__Work required__. Your reply should hold every record exactly as given, with no pictures in it.

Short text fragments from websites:
= = = =
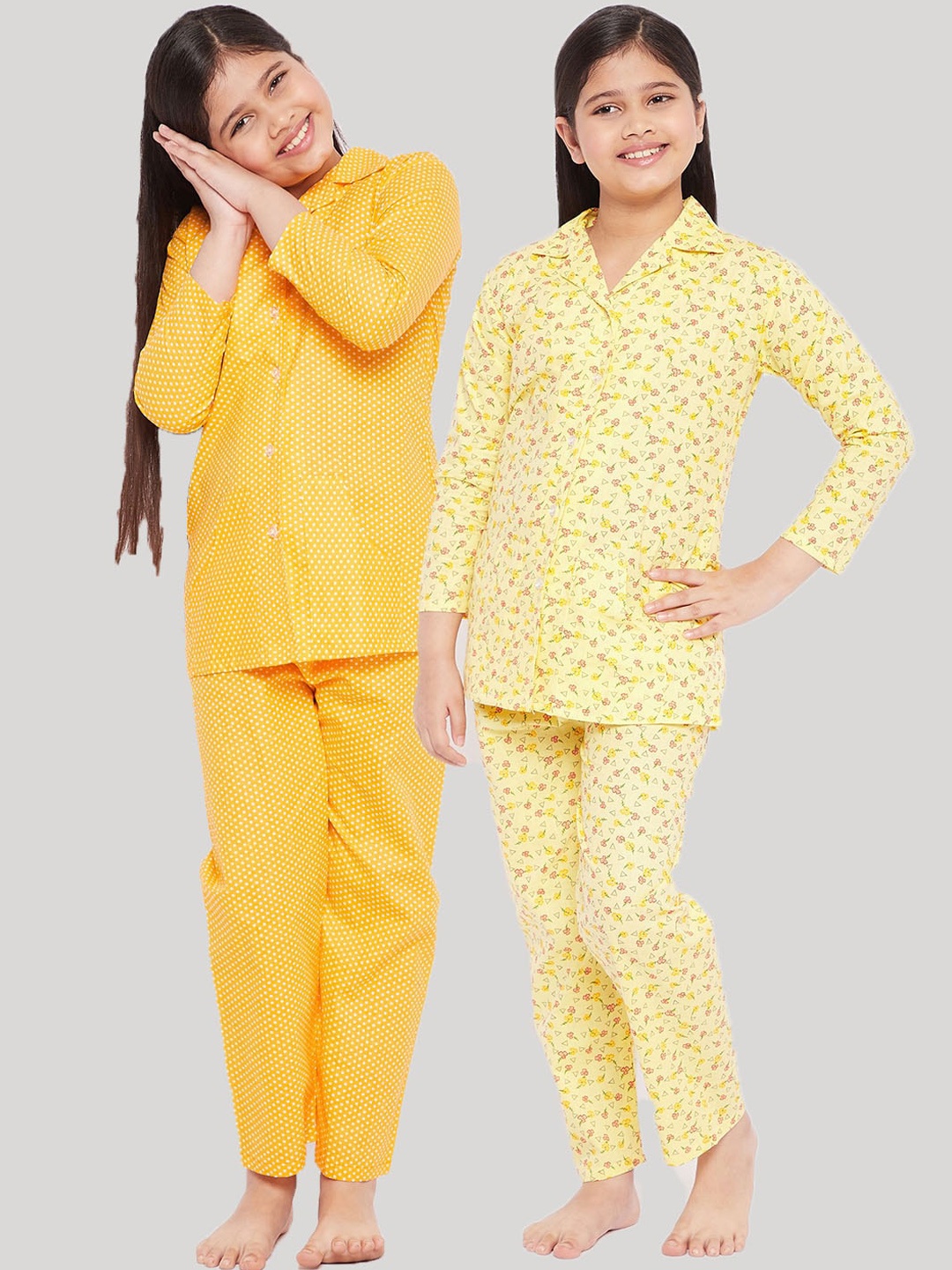 

KYDZI Girls Pack of 2 Yellow & White Printed Pure Cotton Night suit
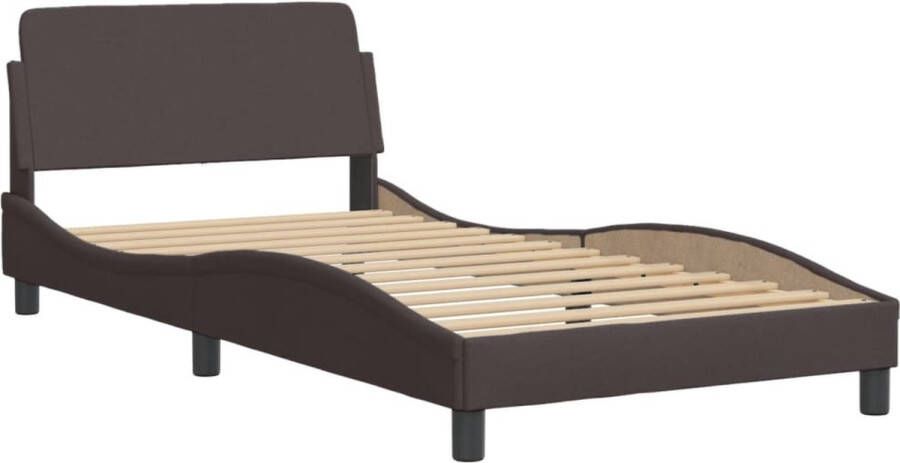 VidaXL -Bedframe-met-hoofdbord-stof-donkerbruin-100x200-cm - Foto 4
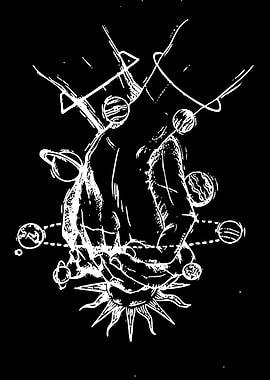 Cosmic Hand Holding Sun and Planets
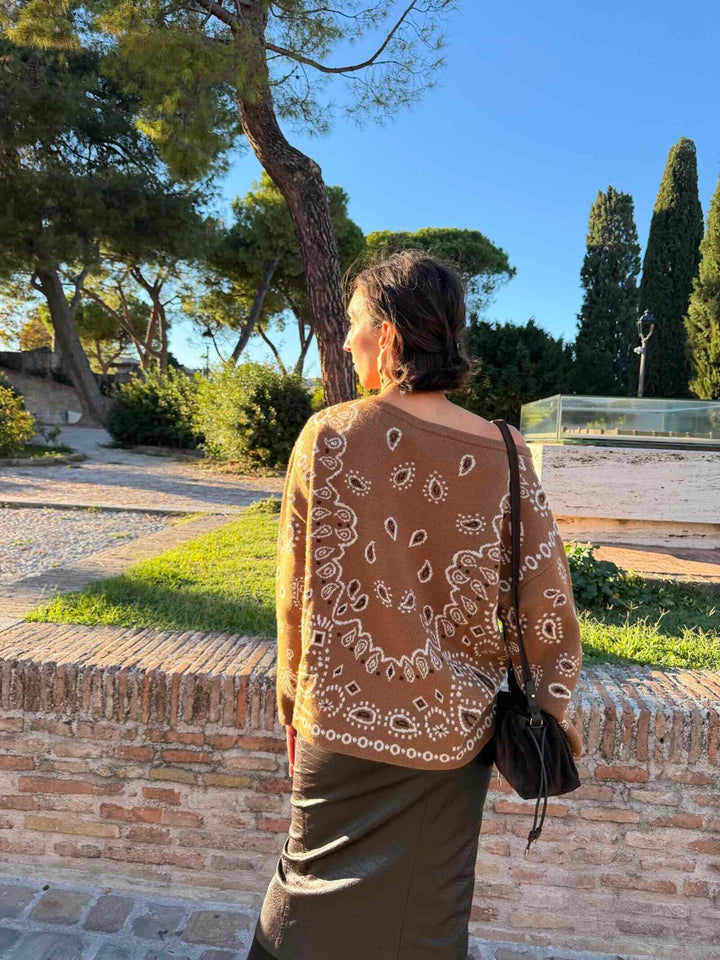 Maglia jacquard a motivi paisley tabacco 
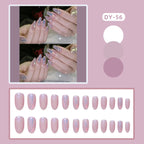 Press-On Nail Set Glitter Finish Glue-On Adhesive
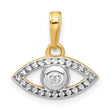 14K and White Rhodium D/C Evil Eye Pendant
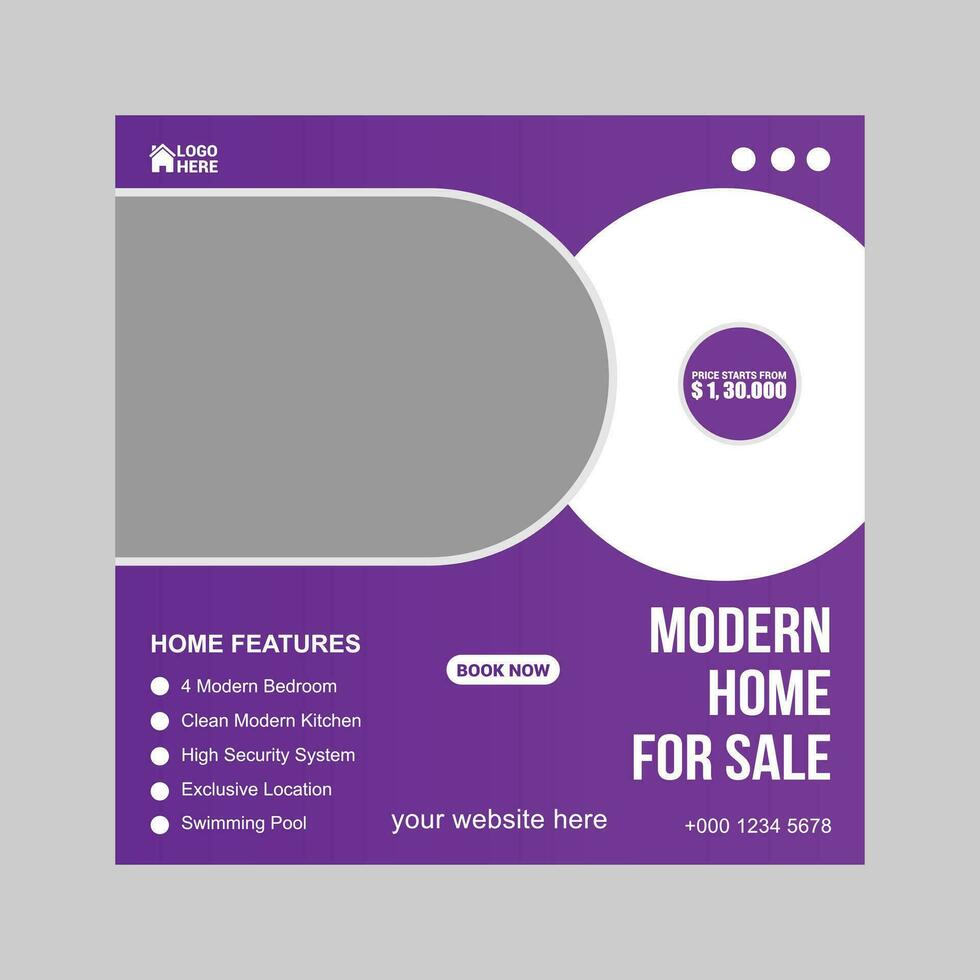 modern Hem försäljning social media posta design vektor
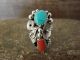 Navajo Indian Sterling Silver Floral Leaf Coral Turquoise Ring Size 5 - Calladitto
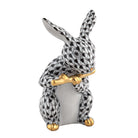 Herend Flute Bunny figurine in Black with black fishnet pattern with gold accents on a white background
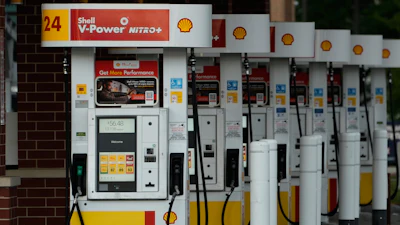 Pumps at a gas station in Buffalo Grove, Ill., June 25, 2026.
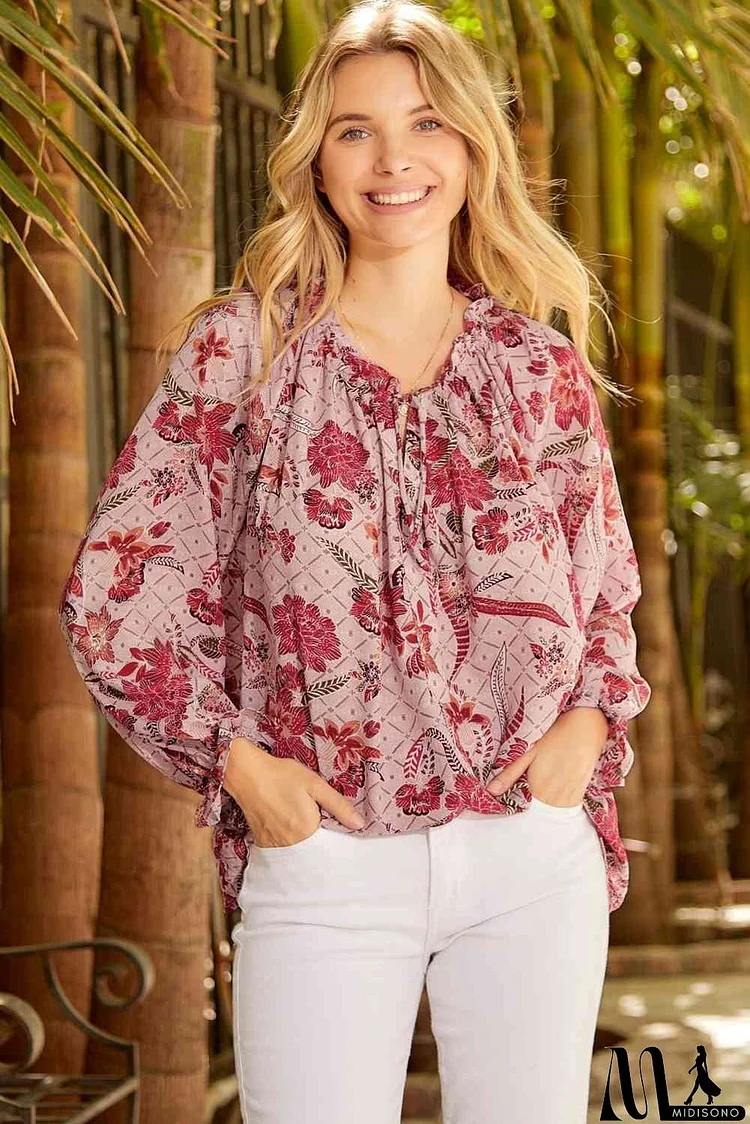 Floral Tie Neck Flounce Sleeve Blouse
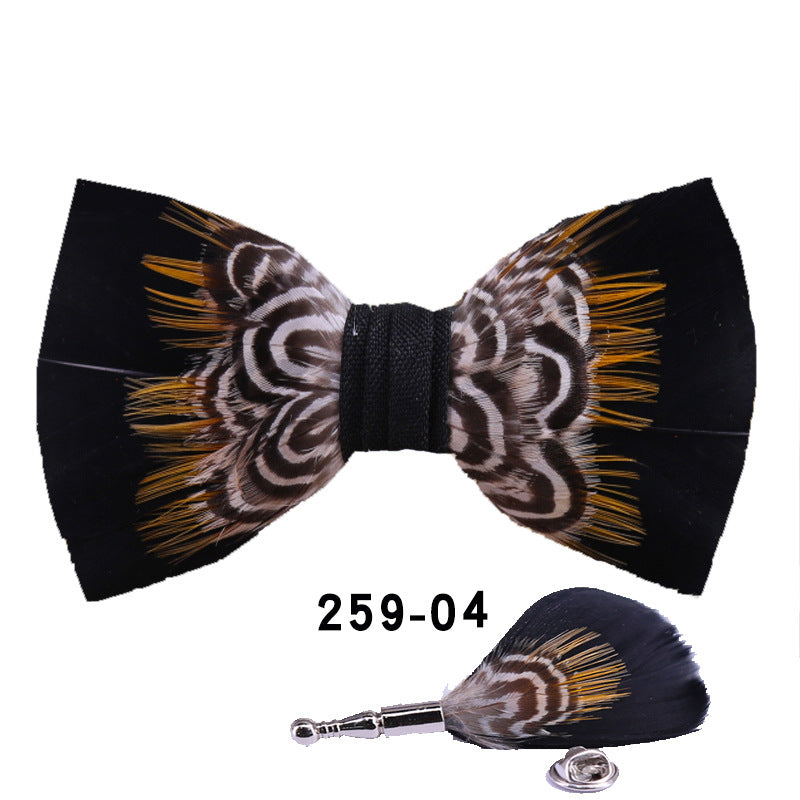 259 Black Feather Male Wedding Dress Bow Tie Business Dinner Host Yellow Black Gold Bow Collar Flower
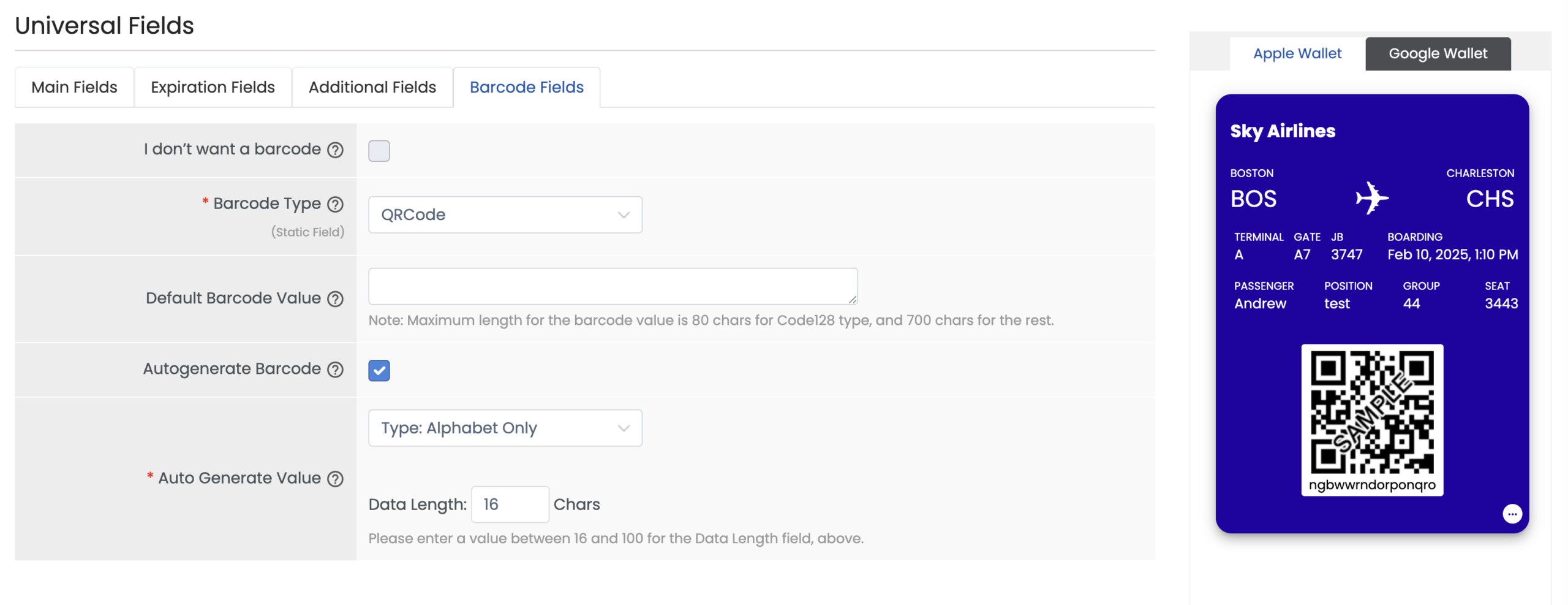 Boarding Pass Barcode Fields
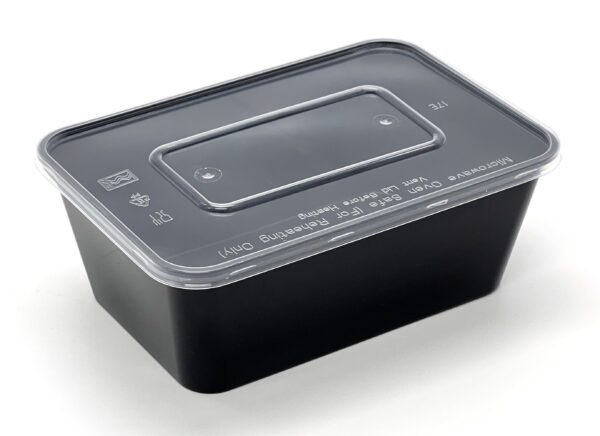 1000cc Food Container Black Base with Clear Lid 250 sets - Image 5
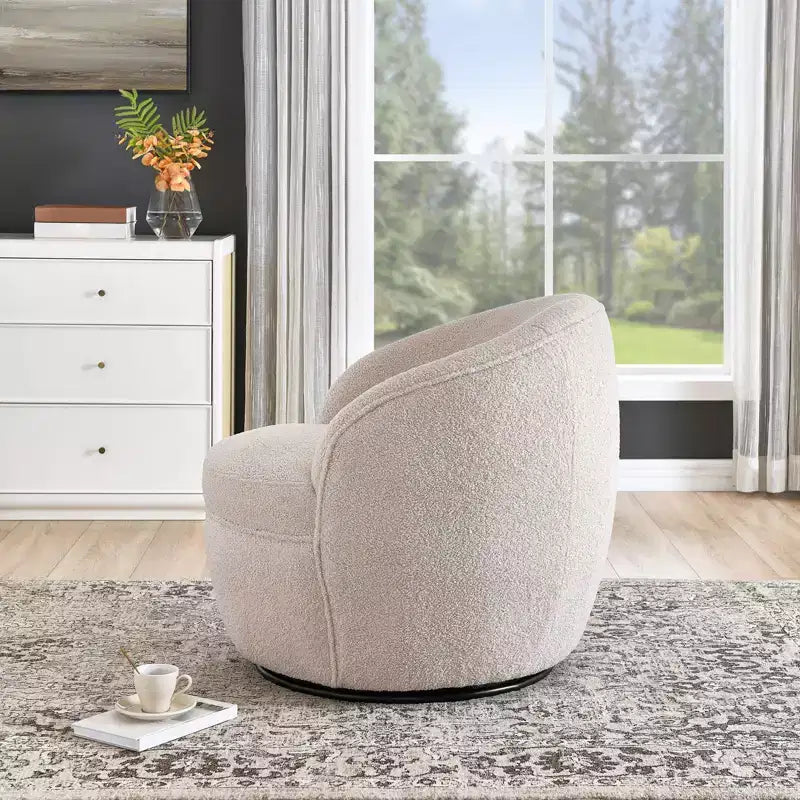 Roundhill Furniture Galleria 360° drehbarer Barrel Chair aus Kunst-Lammfell
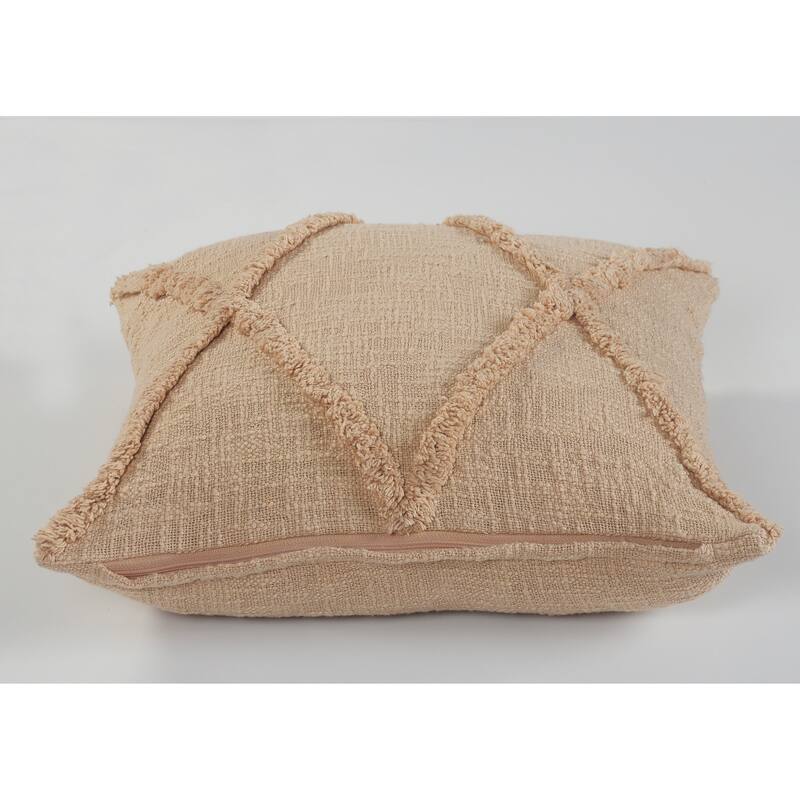 Sevita Solid Decorative Diamond Tufted Cotton Throw Pillow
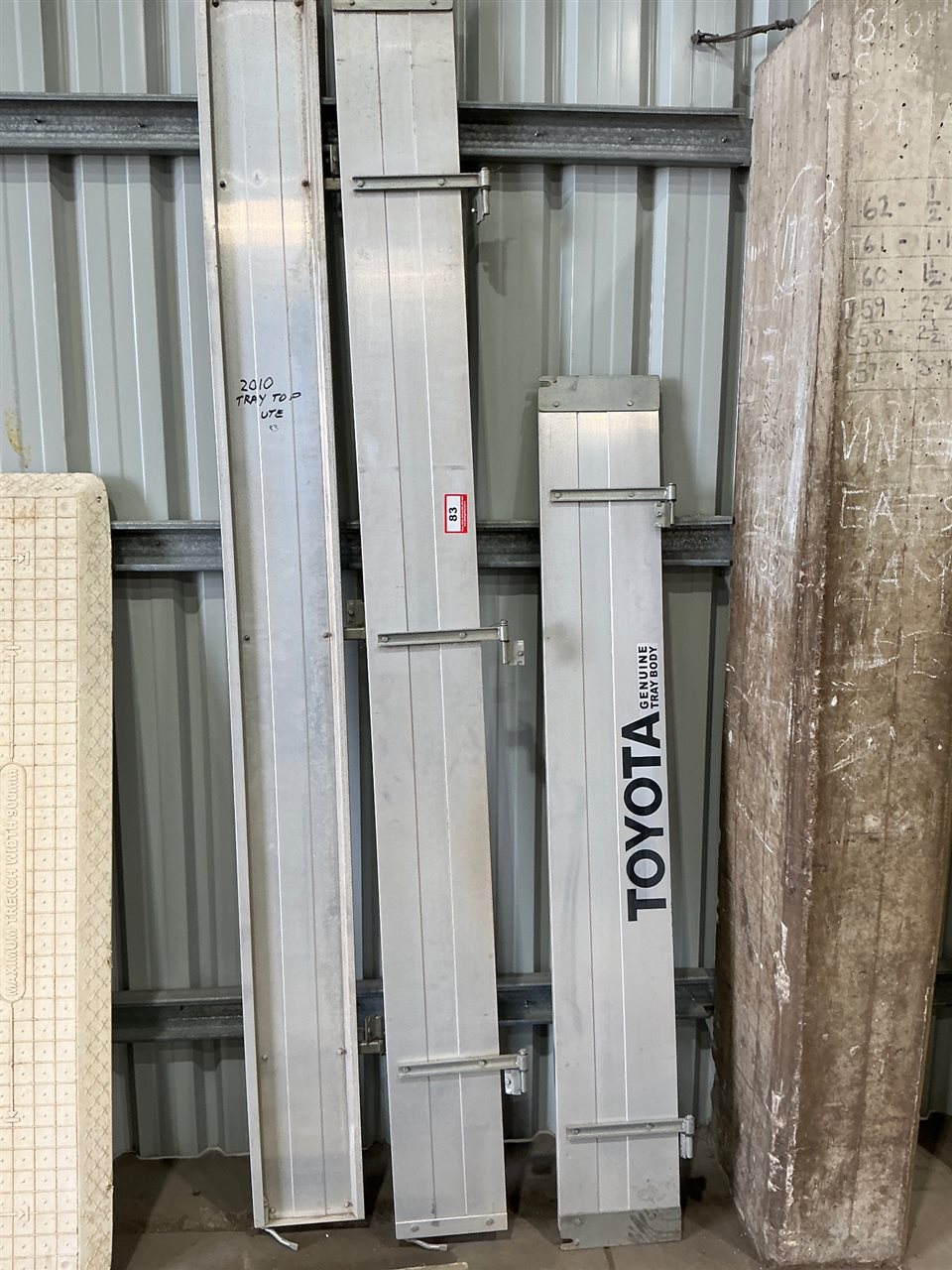 Set of Genuine Toyota Aluminium Tray Top Sides, Came Off 2010 Toyota Hilux (Located at Wingfield)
= = = =
__Exercise response__.
KYDZI Girls Pack of 2 Yellow & White Printed Pure Cotton Night suit
 VidaXL -Bedframe-met-hoofdbord-stof-donkerbruin-100x200-cm - Foto 4
 Cosmic Hand Holding Sun and Planets
 Maglia jacquard a motivi paisley tabacco 
 Press-On Nail Set Glitter Finish Glue-On Adhesive
 14K and White Rhodium D/C Evil Eye Pendant
 modern Hem försäljning social media posta design vektor
 Navajo Indian Sterling Silver Floral Leaf Coral Turquoise Ring Size 5 - Calladitto
 Herend Flute Bunny figurine in Black with black fishnet pattern with gold accents on a white background
 Pumps at a gas station in Buffalo Grove, Ill., June 25, 2026.
 Floral Tie Neck Flounce Sleeve Blouse
 259 Black Feather Male Wedding Dress Bow Tie Business Dinner Host Yellow Black Gold Bow Collar Flower
 Boarding Pass Barcode Fields
 1000cc Food Container Black Base with Clear Lid 250 sets - Image 5
 Roundhill Furniture Galleria 360° drehbarer Barrel Chair aus Kunst-Lammfell
 Sevita Solid Decorative Diamond Tufted Cotton Throw Pillow
 Set of Genuine Toyota Aluminium Tray Top Sides, Came Off 2010 Toyota Hilux (Located at Wingfield)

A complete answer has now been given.